## [Work order]
Transcribe each line of the material as it is, and drop any picture.

-- Data extract follows --

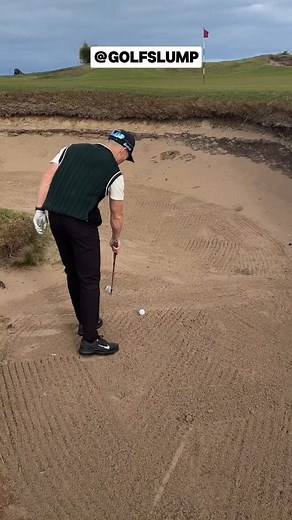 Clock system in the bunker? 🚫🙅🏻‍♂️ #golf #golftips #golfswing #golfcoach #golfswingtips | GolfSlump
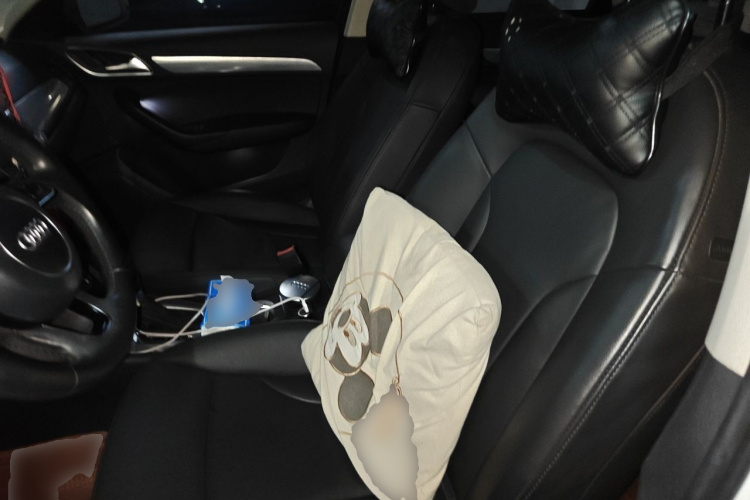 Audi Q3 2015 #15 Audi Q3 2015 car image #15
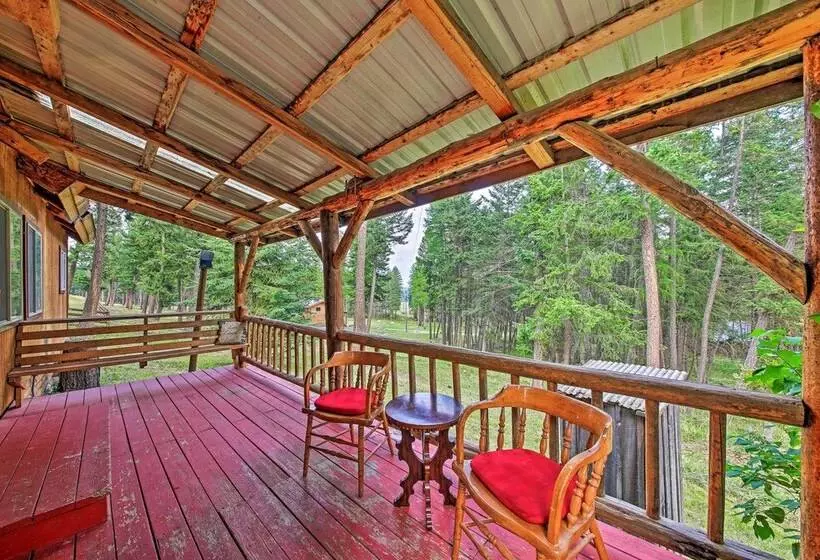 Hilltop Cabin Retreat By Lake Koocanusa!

-- Data extract concluded --

## [Written answer]
 Clock system in the bunker? 🚫🙅🏻‍♂️ #golf #golftips #golfswing #golfcoach #golfswingtips | GolfSlump
 Audi Q3 2015 #15 Audi Q3 2015 car image #15
 Hilltop Cabin Retreat By Lake Koocanusa!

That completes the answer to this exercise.